A retired CIA agent who led the team that interrogated a key Al Qaeda operative early in the war on terror told ABC News that a technique commonly known as waterboarding was torture, but necessary.
According to the ABC News report, John Kiriakou, the CIA officer whose team captured Al Qaeda Chief Abu Zubaydah, said his team subjected Zubaydah to waterboarding, and that the technique "broke" the terror leader in "less than 35 seconds."
In the report, set to air Monday on ABC's "World News With Charles Gibson" and "Nightline," Kiriakou said he believes waterboarding is torture, but said the need for intelligence that would help prevent future attacks justified the technique.

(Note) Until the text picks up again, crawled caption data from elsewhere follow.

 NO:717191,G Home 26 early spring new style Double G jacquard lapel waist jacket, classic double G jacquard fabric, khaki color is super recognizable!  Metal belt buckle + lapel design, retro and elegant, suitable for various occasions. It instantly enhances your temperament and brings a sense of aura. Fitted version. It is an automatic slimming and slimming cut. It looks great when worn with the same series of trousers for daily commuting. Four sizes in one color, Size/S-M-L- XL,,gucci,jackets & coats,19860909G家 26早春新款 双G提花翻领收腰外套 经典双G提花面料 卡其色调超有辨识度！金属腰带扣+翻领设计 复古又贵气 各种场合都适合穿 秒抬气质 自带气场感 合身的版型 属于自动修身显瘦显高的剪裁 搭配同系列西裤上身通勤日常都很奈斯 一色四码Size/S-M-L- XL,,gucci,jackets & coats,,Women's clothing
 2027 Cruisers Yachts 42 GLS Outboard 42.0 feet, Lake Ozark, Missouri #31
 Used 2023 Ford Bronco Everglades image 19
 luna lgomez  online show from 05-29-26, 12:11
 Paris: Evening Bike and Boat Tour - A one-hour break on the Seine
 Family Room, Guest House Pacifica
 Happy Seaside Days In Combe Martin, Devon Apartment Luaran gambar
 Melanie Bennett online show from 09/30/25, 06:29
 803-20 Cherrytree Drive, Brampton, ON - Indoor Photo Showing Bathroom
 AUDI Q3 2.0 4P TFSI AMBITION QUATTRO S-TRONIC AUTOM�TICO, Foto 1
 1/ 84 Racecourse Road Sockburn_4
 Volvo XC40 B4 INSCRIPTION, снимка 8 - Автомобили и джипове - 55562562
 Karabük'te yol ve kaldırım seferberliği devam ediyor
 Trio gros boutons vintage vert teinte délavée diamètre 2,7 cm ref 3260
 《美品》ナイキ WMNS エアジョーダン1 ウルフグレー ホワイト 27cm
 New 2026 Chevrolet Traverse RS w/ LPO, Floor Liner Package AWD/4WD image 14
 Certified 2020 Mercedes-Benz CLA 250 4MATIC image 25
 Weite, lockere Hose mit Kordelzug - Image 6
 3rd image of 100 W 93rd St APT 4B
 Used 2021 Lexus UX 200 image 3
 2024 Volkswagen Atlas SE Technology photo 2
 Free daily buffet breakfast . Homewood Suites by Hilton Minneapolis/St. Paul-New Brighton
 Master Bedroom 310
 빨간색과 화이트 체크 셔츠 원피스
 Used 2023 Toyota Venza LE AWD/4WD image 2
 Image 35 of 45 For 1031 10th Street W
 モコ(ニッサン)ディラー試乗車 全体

"The threat information he provided disrupted a number of attacks, maybe dozens of attacks," Kiriakou said of the information Zubaydah provided.
"What happens if we don't waterboard a person, and we don't get that nugget of information, and there's an attack," Kiriakou said. "I would have trouble forgiving myself."
The CIA secretly recorded the interrogation of Zubaydah, then destroyed the tapes. Kiriakou told ABC he had no idea that the CIA was taping the session, or that the tape had been destroyed.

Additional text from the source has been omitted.